Records shown:
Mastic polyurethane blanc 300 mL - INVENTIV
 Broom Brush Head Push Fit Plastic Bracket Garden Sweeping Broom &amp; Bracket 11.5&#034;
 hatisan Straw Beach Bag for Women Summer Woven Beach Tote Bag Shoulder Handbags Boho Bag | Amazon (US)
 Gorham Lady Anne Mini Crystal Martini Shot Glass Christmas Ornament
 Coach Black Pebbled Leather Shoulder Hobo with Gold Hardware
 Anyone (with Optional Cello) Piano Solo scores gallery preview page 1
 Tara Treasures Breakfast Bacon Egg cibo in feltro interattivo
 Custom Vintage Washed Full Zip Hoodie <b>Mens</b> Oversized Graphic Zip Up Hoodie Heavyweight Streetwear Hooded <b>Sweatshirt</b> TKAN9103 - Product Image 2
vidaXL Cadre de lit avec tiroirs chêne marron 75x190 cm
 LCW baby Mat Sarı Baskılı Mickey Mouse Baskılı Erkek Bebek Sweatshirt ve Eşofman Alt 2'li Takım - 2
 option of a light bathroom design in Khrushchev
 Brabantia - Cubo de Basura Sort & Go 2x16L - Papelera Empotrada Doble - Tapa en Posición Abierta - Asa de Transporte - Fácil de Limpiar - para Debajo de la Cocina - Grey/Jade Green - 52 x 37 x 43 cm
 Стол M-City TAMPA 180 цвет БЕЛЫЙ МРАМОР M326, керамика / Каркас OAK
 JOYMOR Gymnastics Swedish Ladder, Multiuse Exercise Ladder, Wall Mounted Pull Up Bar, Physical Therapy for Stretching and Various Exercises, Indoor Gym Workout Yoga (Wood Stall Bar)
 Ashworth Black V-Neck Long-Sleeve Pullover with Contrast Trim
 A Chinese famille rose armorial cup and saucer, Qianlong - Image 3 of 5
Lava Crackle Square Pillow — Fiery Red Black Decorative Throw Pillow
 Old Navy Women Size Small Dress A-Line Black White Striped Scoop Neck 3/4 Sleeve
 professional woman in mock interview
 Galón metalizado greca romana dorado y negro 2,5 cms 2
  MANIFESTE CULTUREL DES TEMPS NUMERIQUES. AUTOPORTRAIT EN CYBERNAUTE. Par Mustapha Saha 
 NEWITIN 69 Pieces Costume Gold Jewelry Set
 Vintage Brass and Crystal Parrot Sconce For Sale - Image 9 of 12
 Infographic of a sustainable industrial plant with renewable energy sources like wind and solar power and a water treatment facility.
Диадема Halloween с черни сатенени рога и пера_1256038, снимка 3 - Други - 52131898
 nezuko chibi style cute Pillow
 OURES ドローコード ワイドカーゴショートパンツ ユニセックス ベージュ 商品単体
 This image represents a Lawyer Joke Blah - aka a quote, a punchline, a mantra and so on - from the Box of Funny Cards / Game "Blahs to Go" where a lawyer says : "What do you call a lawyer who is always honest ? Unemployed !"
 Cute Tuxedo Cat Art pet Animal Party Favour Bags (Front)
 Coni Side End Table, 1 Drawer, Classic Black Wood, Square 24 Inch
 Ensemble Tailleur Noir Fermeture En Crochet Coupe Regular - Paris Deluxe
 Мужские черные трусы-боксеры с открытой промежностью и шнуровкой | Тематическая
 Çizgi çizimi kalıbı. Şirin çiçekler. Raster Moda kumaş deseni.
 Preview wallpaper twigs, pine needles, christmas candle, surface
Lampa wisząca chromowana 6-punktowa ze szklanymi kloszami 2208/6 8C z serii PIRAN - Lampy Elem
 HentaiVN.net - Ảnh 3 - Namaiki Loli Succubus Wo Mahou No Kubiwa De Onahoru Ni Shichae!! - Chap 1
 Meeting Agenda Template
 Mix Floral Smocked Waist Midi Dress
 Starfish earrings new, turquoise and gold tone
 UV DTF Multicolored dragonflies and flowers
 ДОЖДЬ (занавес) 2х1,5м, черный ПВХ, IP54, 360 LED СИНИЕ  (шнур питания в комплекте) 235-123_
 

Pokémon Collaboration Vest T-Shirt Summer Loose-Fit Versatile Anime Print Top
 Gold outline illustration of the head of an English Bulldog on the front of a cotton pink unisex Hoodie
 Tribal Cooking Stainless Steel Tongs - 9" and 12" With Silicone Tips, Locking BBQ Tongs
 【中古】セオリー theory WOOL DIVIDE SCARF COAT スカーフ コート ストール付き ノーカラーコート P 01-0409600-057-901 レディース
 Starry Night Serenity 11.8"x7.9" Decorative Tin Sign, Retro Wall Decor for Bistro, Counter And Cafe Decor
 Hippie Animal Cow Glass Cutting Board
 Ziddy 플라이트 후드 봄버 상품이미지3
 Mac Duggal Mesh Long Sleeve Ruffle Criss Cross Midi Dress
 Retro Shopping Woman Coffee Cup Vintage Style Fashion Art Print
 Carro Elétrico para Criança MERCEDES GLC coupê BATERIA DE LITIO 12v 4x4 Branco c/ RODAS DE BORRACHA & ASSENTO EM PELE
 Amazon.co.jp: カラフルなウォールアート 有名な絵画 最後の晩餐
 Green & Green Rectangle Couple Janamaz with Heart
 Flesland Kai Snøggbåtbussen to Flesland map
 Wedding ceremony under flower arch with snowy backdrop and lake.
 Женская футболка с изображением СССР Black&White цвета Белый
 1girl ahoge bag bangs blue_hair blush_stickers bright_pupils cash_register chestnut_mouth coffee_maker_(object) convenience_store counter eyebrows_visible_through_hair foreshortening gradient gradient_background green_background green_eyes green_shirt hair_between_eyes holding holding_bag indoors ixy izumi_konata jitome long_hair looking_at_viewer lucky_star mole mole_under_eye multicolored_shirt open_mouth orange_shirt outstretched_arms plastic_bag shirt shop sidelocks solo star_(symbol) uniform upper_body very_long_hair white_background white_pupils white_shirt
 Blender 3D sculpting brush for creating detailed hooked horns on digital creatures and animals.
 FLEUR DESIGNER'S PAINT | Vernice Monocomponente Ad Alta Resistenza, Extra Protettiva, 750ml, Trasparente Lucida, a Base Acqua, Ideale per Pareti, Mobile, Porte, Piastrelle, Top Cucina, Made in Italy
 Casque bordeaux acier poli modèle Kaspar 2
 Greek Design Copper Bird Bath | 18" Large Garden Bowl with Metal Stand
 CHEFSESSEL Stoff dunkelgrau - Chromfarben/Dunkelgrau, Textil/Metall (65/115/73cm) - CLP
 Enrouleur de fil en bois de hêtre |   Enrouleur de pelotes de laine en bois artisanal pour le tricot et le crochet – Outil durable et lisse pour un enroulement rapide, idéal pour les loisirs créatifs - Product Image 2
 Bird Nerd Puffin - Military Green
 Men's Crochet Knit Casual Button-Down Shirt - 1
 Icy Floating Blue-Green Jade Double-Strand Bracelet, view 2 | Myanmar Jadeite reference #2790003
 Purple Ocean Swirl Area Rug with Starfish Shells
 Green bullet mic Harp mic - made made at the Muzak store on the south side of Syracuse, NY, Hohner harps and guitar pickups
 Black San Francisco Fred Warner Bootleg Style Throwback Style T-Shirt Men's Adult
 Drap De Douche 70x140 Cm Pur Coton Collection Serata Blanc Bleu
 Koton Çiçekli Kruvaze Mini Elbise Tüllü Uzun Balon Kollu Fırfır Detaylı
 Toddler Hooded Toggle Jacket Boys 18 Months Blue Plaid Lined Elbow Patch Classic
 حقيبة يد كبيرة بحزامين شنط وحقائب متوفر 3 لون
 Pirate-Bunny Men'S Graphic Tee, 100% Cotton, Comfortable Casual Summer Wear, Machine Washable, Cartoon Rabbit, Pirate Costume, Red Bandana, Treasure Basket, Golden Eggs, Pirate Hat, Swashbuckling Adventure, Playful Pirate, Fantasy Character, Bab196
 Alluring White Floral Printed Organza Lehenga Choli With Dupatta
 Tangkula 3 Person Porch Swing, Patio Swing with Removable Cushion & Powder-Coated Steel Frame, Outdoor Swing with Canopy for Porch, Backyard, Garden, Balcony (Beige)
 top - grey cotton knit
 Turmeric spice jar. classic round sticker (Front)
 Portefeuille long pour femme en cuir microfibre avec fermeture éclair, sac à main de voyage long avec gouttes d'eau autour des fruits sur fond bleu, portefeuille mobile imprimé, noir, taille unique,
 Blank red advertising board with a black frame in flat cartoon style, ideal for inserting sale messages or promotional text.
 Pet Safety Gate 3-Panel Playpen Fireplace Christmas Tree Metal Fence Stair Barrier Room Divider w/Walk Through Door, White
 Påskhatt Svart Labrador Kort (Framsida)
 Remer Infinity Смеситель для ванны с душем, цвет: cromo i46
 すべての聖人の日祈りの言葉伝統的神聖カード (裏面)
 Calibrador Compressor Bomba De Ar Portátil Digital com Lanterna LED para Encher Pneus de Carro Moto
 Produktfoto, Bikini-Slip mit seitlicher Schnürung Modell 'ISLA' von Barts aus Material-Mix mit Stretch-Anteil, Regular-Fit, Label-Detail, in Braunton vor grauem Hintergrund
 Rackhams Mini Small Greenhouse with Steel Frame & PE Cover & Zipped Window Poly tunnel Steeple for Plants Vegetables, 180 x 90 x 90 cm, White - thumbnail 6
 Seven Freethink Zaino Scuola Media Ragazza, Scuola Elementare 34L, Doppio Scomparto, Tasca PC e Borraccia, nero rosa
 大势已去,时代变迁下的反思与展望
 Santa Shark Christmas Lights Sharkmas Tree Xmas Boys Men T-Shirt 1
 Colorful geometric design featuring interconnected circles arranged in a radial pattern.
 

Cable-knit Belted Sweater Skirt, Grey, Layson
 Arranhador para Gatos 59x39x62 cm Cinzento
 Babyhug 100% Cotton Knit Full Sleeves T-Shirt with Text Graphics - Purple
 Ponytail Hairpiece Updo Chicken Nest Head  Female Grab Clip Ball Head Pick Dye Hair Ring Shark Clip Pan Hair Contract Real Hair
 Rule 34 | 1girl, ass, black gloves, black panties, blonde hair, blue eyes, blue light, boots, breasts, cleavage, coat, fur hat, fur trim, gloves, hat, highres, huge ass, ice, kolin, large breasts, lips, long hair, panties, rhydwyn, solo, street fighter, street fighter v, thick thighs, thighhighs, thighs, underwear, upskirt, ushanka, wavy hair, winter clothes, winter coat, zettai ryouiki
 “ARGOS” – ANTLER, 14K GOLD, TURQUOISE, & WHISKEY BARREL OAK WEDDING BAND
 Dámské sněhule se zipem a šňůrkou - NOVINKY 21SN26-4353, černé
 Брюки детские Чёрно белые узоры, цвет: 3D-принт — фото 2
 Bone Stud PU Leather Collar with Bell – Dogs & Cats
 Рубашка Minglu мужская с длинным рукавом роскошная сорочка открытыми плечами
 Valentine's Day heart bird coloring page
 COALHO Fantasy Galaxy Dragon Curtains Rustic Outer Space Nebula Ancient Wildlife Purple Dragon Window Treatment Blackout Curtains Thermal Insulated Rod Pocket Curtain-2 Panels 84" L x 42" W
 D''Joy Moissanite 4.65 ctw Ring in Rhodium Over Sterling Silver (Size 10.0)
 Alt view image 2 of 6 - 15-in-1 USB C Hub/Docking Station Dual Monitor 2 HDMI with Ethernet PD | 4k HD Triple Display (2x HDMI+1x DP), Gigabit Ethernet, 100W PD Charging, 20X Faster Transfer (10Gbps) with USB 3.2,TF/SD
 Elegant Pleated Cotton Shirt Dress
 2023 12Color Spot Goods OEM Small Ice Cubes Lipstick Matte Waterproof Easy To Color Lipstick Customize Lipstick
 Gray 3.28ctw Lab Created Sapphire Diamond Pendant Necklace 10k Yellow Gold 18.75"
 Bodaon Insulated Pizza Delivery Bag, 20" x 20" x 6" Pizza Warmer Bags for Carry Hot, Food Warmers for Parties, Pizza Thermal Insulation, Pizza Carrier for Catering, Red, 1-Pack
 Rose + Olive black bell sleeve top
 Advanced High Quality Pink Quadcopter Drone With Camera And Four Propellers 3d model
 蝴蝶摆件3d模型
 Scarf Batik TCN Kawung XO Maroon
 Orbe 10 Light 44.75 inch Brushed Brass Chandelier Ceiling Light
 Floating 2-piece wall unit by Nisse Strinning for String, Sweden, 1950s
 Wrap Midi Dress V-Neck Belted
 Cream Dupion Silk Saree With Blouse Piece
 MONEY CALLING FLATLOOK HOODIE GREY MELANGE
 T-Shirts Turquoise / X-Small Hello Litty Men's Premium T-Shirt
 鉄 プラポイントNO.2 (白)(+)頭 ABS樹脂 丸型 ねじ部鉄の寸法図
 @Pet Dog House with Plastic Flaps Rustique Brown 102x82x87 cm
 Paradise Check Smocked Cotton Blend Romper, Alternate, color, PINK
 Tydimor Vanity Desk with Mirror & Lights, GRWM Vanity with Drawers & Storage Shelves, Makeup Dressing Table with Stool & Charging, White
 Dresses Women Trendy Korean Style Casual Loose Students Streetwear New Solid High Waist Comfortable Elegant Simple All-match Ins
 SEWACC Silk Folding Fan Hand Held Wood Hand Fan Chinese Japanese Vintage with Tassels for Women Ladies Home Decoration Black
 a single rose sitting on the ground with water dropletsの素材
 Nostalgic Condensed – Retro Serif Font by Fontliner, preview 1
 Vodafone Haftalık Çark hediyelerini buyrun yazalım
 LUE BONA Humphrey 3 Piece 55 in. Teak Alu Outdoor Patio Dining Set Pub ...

Work to complete: One stretch of the lines above is wanted, from the line that contains "Carro Elétrico para" through the line that contains "CHEFSESSEL Stoff dunkelgrau". Output it exactly.

Answer to the exercise:
 Carro Elétrico para Criança MERCEDES GLC coupê BATERIA DE LITIO 12v 4x4 Branco c/ RODAS DE BORRACHA & ASSENTO EM PELE
 Amazon.co.jp: カラフルなウォールアート 有名な絵画 最後の晩餐
 Green & Green Rectangle Couple Janamaz with Heart
 Flesland Kai Snøggbåtbussen to Flesland map
 Wedding ceremony under flower arch with snowy backdrop and lake.
 Женская футболка с изображением СССР Black&White цвета Белый
 1girl ahoge bag bangs blue_hair blush_stickers bright_pupils cash_register chestnut_mouth coffee_maker_(object) convenience_store counter eyebrows_visible_through_hair foreshortening gradient gradient_background green_background green_eyes green_shirt hair_between_eyes holding holding_bag indoors ixy izumi_konata jitome long_hair looking_at_viewer lucky_star mole mole_under_eye multicolored_shirt open_mouth orange_shirt outstretched_arms plastic_bag shirt shop sidelocks solo star_(symbol) uniform upper_body very_long_hair white_background white_pupils white_shirt
 Blender 3D sculpting brush for creating detailed hooked horns on digital creatures and animals.
 FLEUR DESIGNER'S PAINT | Vernice Monocomponente Ad Alta Resistenza, Extra Protettiva, 750ml, Trasparente Lucida, a Base Acqua, Ideale per Pareti, Mobile, Porte, Piastrelle, Top Cucina, Made in Italy
 Casque bordeaux acier poli modèle Kaspar 2
 Greek Design Copper Bird Bath | 18" Large Garden Bowl with Metal Stand
 CHEFSESSEL Stoff dunkelgrau - Chromfarben/Dunkelgrau, Textil/Metall (65/115/73cm) - CLP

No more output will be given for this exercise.